Comment vous êtes-vous intéressé à ce dossier ?
En septembre 2008, l’association Sauvegarde du Trégor m’a invité à faire une conférence sur les conséquences des gaz dégagés par les algues vertes sur la santé. L’été qui a précédé la conférence, alors que je passais mes vacances près d’Hillion, j’ai lu dans la presse que deux chiens avaient été trouvés morts sur la plage. Deux chiens de 13 et 25 kilos ! Cela signifiait pour moi qu'un enfant pouvait subir une intoxication mortelle, le sulfure de dihydrogène (SH2) agissant de manière similaire chez l’animal et chez l’homme… Au même moment, France 3 m’a demandé de commenter un reportage sur la toxicité des algues vertes (voir le reportage), qui montrait divers témoignages saisissants. La vidéo m’a sidérée (voir le reportage). J’ai ainsi appris qu’un joggeur était mort sur la plage de Saint-Michel-en-Grève et qu’un ramasseur d’algues avait perdu connaissance pendant plusieurs jours en 1999, le témoignage d’un urgentiste de Lannion à l’appui.

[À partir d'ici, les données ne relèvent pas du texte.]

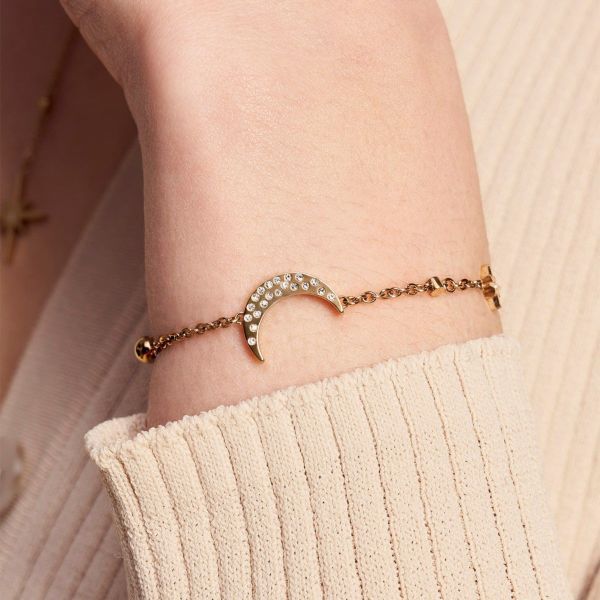 OLIVIA BURTON 「〈OLIVIA BURTON(ｵﾘﾋﾞｱﾊﾞｰﾄﾝ)〉ｾﾚｽﾃｨｱﾙ ﾉｰｽｽﾀｰ&ﾑｰﾝ ｺﾞｰﾙﾄﾞﾌﾞﾚｽﾚｯﾄ」|ブレスレット・バングル|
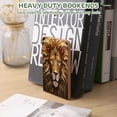 thumbnail image 7 of Bookends 1 Pair Non-Skid Bookend Wood Bookends for Shelves Book Stand for CDs - Majestic Lion With Golden Mane Adorned in Intricate Patterns, 7 of 7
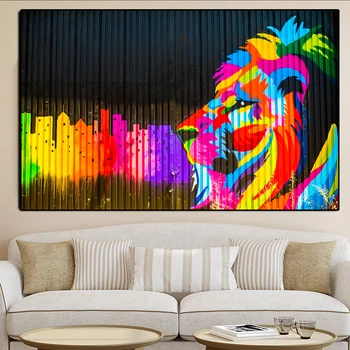 

Abstract Colorful Lions Wild Animals Canvas Painting Posters and Prints Scandinavian Wall Art Picture for Living Room Home Decor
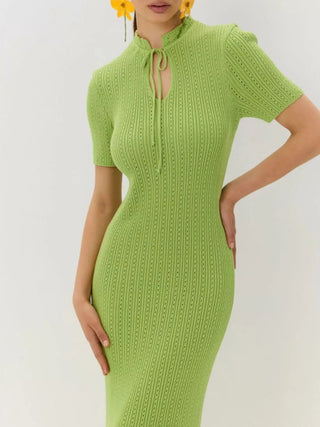 Tie Keyhole-Neck Short Sleeve Knit Mermaid Maxi Dress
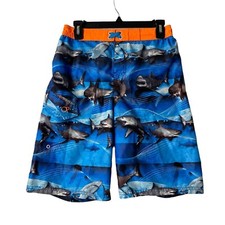 OP Boys Sz XL 14-16 Blue Sharks Graphic Print Swimming Trunks Board Swim Shorts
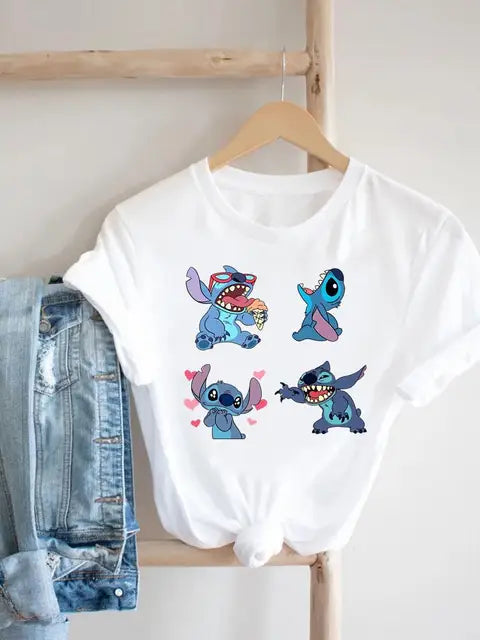 Disney Clothes Tee Stitch 90s Sweet Cute Lovely Top Clothing Women Female Printed Fashion Lady Cartoon Casual Graphic T-shirts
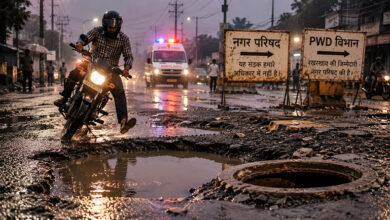 Photo of गड्ढों, खुले मैनहोल और टूटी सड़कों के बीच जीवन – नागरिक कब सुरक्षित होंगे?
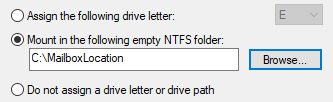 3-Montaggio nella seguente posizione-cartella NTFS vuota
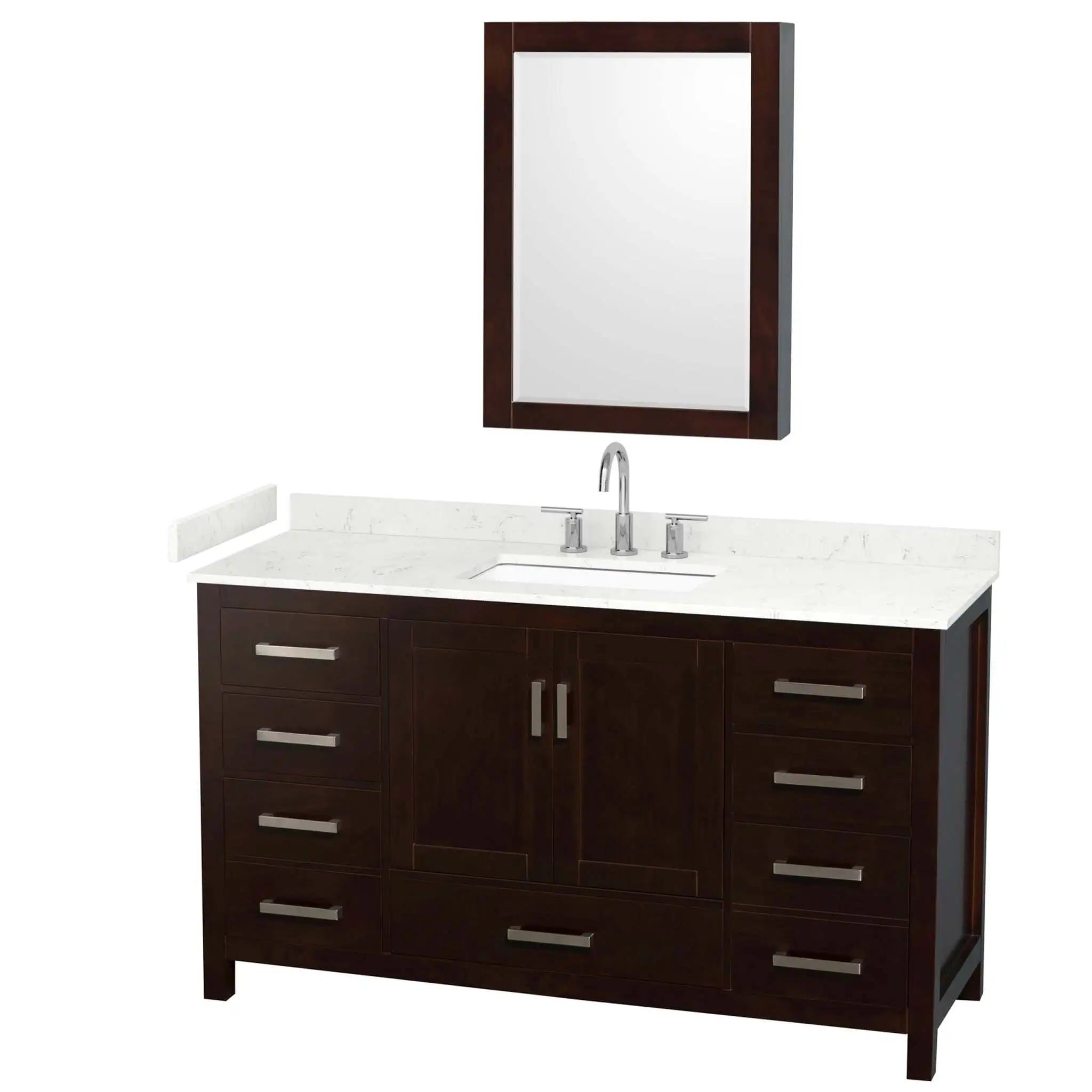 60" Sheffield Single Bathroom Vanity in Espresso with Brushed Chrome Trim & Medicine Cabinet by Wyndham
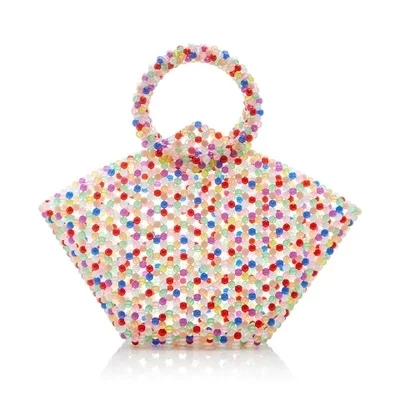

Роскошная дизайнерская плетеная женская сумка ручной работы с бисером, повседневная милая маленькая сумочка-тоут в стиле ретро, прозрачная дамская сумка с жемчугом для питомцев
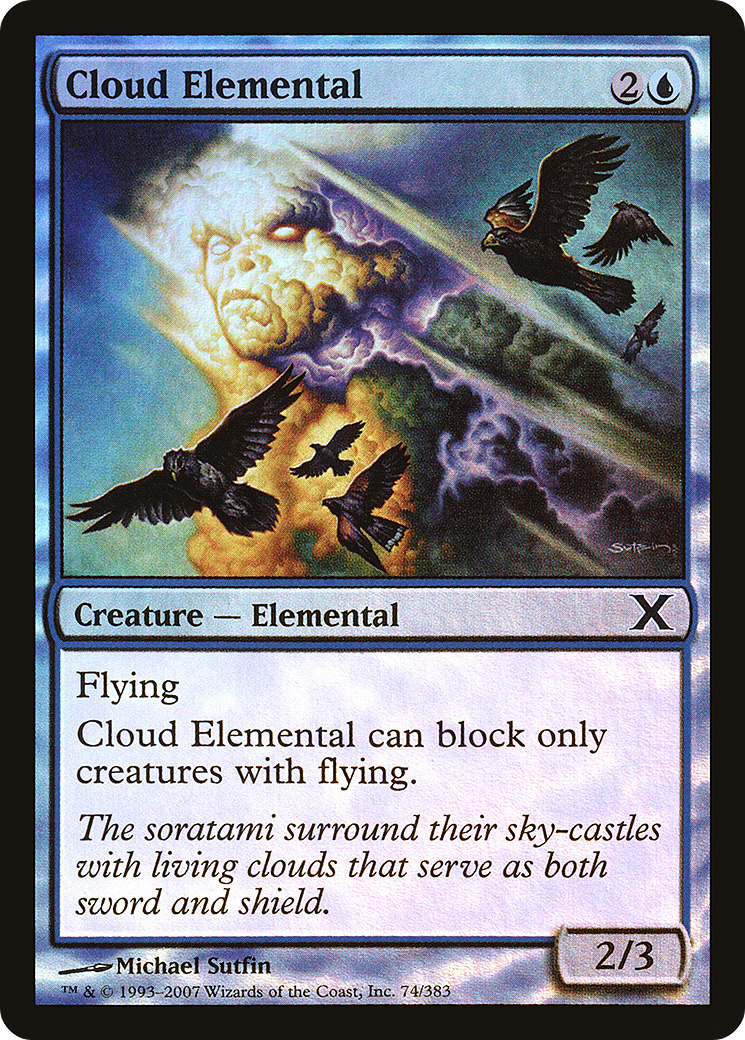 Cloud Elemental (10E-74★) [Tenth Edition] Foil MTG Single Wizards of the Coast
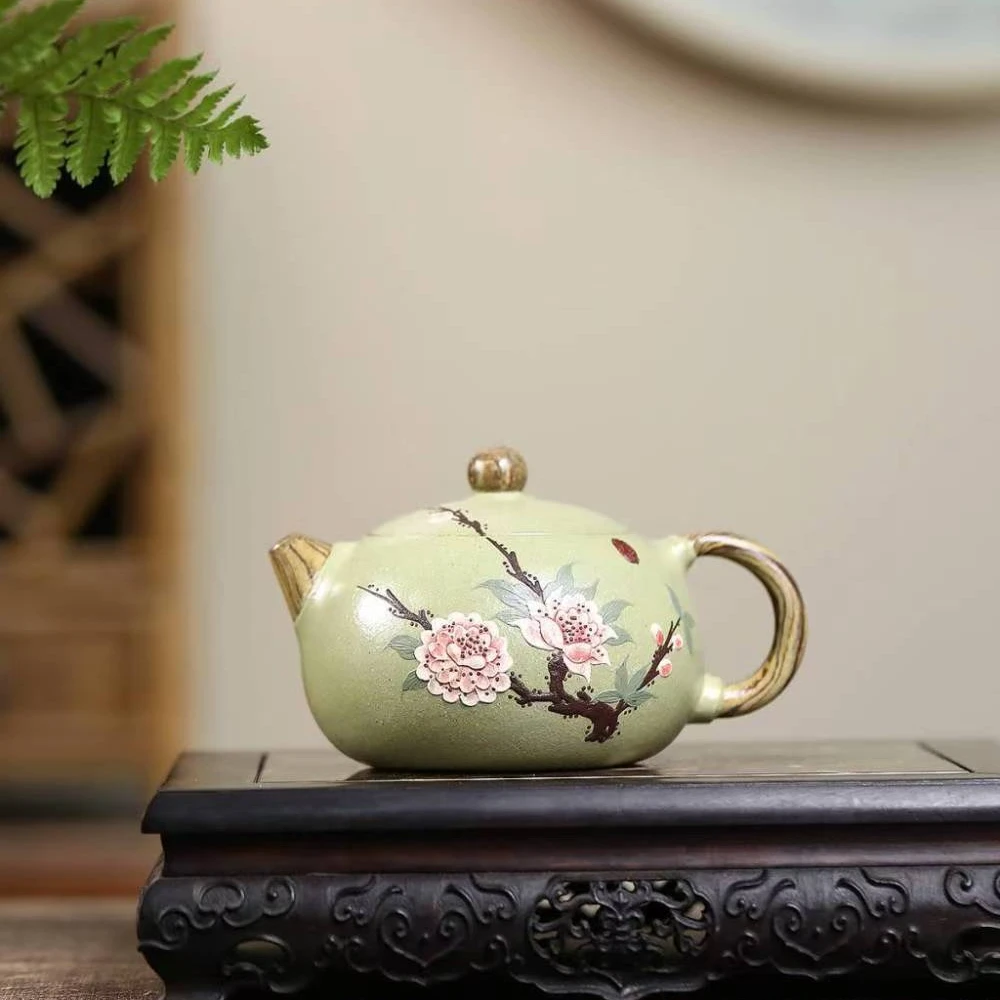 HB宜兴正宗紫砂壶原矿豆青砂卡口双色桃花西施壶家用高档泡茶壶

Le commentaire du
cameraman de la chaîne, qui raconte qu’il a presque eu des vertiges lors de son reportage, alors qu’il pataugeait dans les algues, m’a également interpellé. Cela voulait dire qu’un homme qui respire à 1,50 mètre du sol pouvait être incommodé par les quantités d'hydrogène sulfuré émises. C’est déjà le signe d’une intoxication aiguë légère. Je me suis alors demandé : va-t-on attendre qu’un nouvel accident grave se produise pour agir ? Effectivement, la réaction n’a eu lieu qu’en août 2009, après la mort du cheval et l’intoxication du cavalier sur la plage de Saint-Michel-en-Grève.
Les risques sanitaires étaient-ils alors déjà avérés ?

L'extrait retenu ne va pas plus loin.